Na qualidade de contabilista certificado, celebrei em Outubro passado, um contrato de prestação de serviços, em nome da empresa supra, assumindo directamente a responsabilidade pela execução da contabilidade, com a empresa LS… – Metalomecânica…, L.da.

Resulta que, recebi alguns correios electrónicos remetidos por um colega, Dr. JV..., através dos quais me solicitava a prestação de informações referentes à contabilidade desta empresa, conforme documentos que anexo. (Cfr. Doc. 1, 2 e 3)”

“Analisando os documentos aludidos, vemos que o Dr. JV..., pretende avançar para o Ministério Público, estando a analisar a licitude dos atos praticados.”
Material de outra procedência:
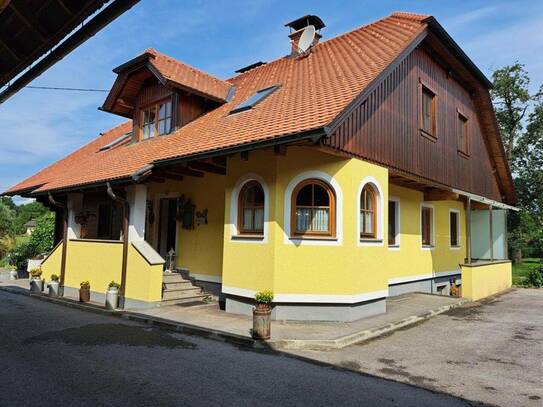 Exklusives Landhaus mit Wirtschaftsgebäude, Hofladen, Baulandreserve, Acker- und Waldflächen - Perfekt für Naturliebhab…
“A intervenção e alegada legitimidade, referida pelo próprio e pela sociedade, é conferida pela procuração outorgada, para que o mesmo efetue a ligação entre a minha empresa de contabilidade e a sociedade, com vista à preparação de um negócio jurídico, pois como é referido, há um potencial investidor da empresa cliente. (Cfr. Doc. n.º 4, 5 e 6)

Ou seja, estes factos que me deveriam ser transmitidos, para constarem das demonstrações financeiras, estão a ser abordados por um contabilista alheio à sociedade, que age em representação desta, em moldes não muito bem esclarecidos.

Tendo eu recusado inicialmente a prestação de informações, solicitei um documento idóneo que legitimasse a representação da empresa, considerando que a gerência pode ser assumida por terceiros legitimados a representar plenamente uma sociedade. Porém, sem que nada me tenha sido apresentado nesse sentido, foi-me remetida uma simples procuração, que impulsionou o pedido de parecer que ora se apresenta.

Ora, a análise da contabilidade e a produção de demonstrações financeiras é elaborada por mim, na qualidade de contabilista certificado. No meu entender, e salvo melhor opinião, estes atos de preparação de negócio jurídico, de análise de documentação para apresentar queixa-crime, são próprios de um advogado, mais ainda quando é um contabilista sem assunção de responsabilidade perante a Autoridade Tributária e a Ordem dos Contabilistas Certificados, a prestar esse serviço a um terceiro.”

“Pelo supra exposto, requer-se a V.Ex.ª se digne a emitir parecer sobre a licitude do mandato outorgado pela sociedade LS… – Metalomecânica…, L.da ao Dr. JV..., nos termos supra citados, mais informando se ao prestar colaboração a este último, nos termos solicitados e sobreditos, não incorro na prática de atos irregulares e/ou ilícitos, o que não pretendo.”

A aludida procuração, junta com o pedido de parecer tem o seguinte teor: “LS… ….gerente da empresa LS… – Metalomecânica…, L.da …., vem pela presente informar que constitui seu bastante procurador JV...a quem confere poderes para poder analisar, consultar e pedir informações sobre o movimento contabilístico e estado patrimonial da empresa responsável pela contabilidade EC….

O pedido de parecer foi distribuído à ora relatora em 29 de Outubro de 2019.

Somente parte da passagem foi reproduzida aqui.